In the several embodiments provided in the present application, it should be understood that the disclosed system, apparatus and method may be implemented in other manners. For example, the above-described apparatus embodiments are merely illustrative, and for example, the division of the units is only one type of logical functional division, and other divisions may be realized in practice, for example, multiple units or components may be combined or integrated into another system, or some features may be omitted, or not executed. In addition, the shown or discussed mutual coupling or direct coupling or communication connection may be an indirect coupling or communication connection through some interfaces, devices or units, and may be in an electrical, mechanical or other form.

The units described as separate parts may or may not be physically separate, and parts displayed as units may or may not be physical units, may be located in one place, or may be distributed on a plurality of network units. Some or all of the units can be selected according to actual needs to achieve the purpose of the solution of the embodiment.

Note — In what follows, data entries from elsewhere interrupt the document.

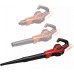 Einhell GE-UB 18/250 Li E-Solo Akku-Laubbläser (18V/ohne akku) 3433542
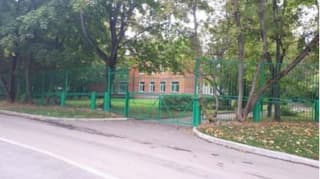 Аренда офиса 1690,1 м², ул. Перекопская, 19, фото 7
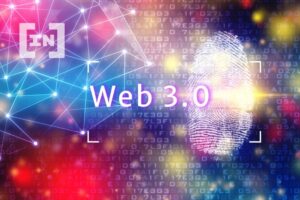 Web 3.0 zal ons leven beïnvloeden, of u er nu klaar voor bent of niet PlatoBlockchain Data Intelligence. Verticaal zoeken. Ai.
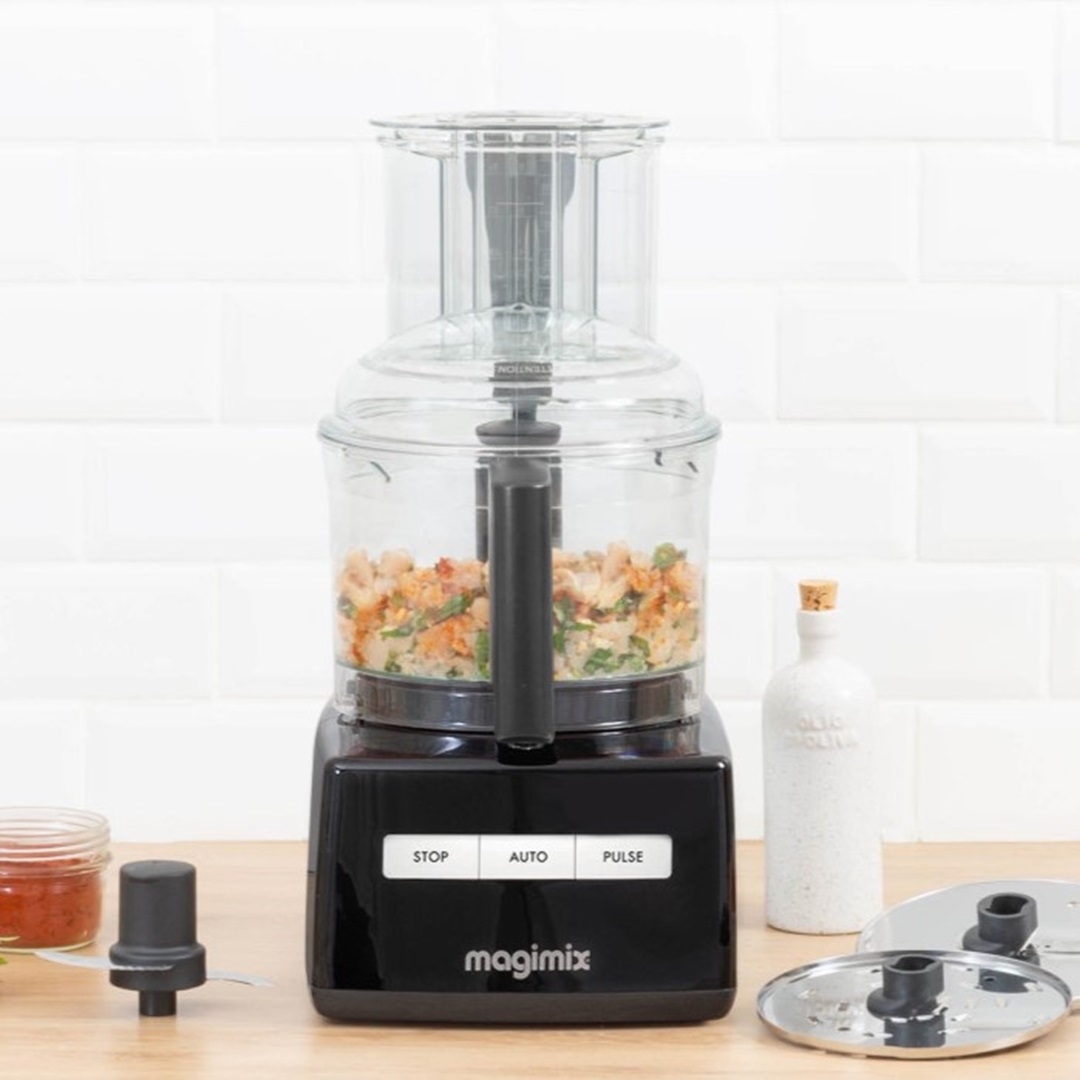 magimix-cs-3200-xl-foodprocessor-met-citruspers-zwart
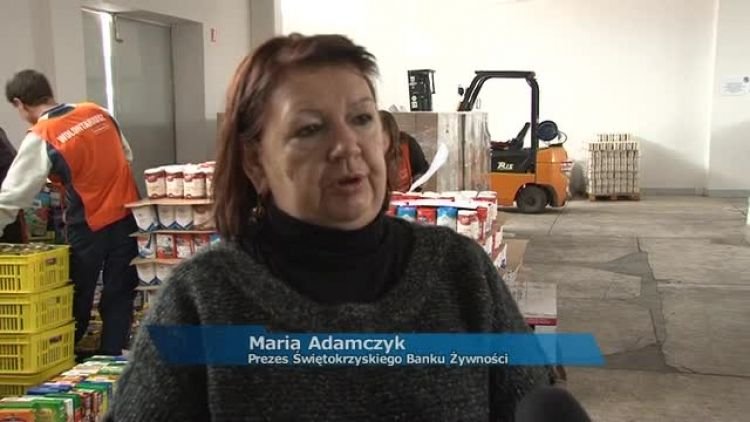 podsumowanie_zbiorki_zywnosci_bozenionarodzeniowej_news.mp4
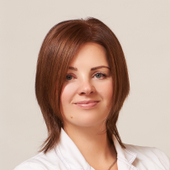 Румянцева Юлия Владимировна, сомнолог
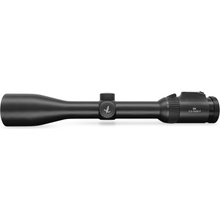 Swarovski Z6i 2,5-15x50 P L 4A-I krúžky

The above-mentioned embodiments only express several embodiments of the present invention, and the description thereof is specific and detailed, but not to be understood as limiting the scope of the invention. It should be noted that, for a person skilled in the art, several variations and modifications can be made without departing from the inventive concept, which falls within the scope of the present invention.

Claims

1. an entity relationship extraction method in a text, is characterized in that, comprises the steps:

Obtain the entity triplet relationship set, acquire the entity and entity attribute set, and acquire the concept set;

Obtain the set of triplet relations between the sentence of the training text set and the two entities identified in the sentence;

According to the entity triple relationship set, the entity and entity attribute set, and the concept set, perform remote supervision on the sentence in the training text set and the triple relationship set of the two entities identified in the sentence. Marking, specifically, by performing context recognition on the sentences in the training text set, to obtain the concepts corresponding to the two entities identified by the sentence;

Match the two entities identified in the sentence of the training text set with the set of entity triples, and obtain the sentence including the training text set, the two entities identified in the sentence, the concepts corresponding to the two entities, and the two entities The relationship set of the entity, specifically, obtain multiple relationship sets with the same concept in the generated relationship set, and judge the degree of context correlation between each relationship and the sentence in the multiple relationship sets, and then assign the relationship with the greatest degree of correlation replacing into a plurality of relationship sets as a new relationship, and putting the plurality of relationship sets including the new relationship into a label training set;

According to the labeled training set, obtain the vector representation of the words in the sentence of the training text set;

Obtain the sentence vector of each sentence in the training text set according to the vector representation of the words in the sentence;

Input the sentence vector of each sentence in the training text set into the entity relationship extraction model, according to the two marked entities in the sentence, the concepts corresponding to the two marked entities in the sentence, and the two marked entities in the sentence The relationship between training the entity relationship extraction model;

Obtain the sentence vector of each sentence in the text set to be extracted;

The sentence vector of each sentence in the text set to be extracted is input into the entity relationship extraction model, and each sentence in the text set to be extracted includes two entities, concepts corresponding to the two entities, and a relationship set between the two entities.

2. the entity relation extraction method in the text according to claim 1, is characterized in that, context recognition is carried out to the sentence of described training text set, after obtaining the concept corresponding to two entities that this sentence recognizes respectively, also comprises Follow the steps below:

If the matching fails, a relationship is randomly extracted from the entity triple relationship set, and a data set including the sentence, the two marked entities, the concepts corresponding to the two marked entities and the randomly extracted relationship set is generated, and Put this dataset as a negative sample into the labeled training set.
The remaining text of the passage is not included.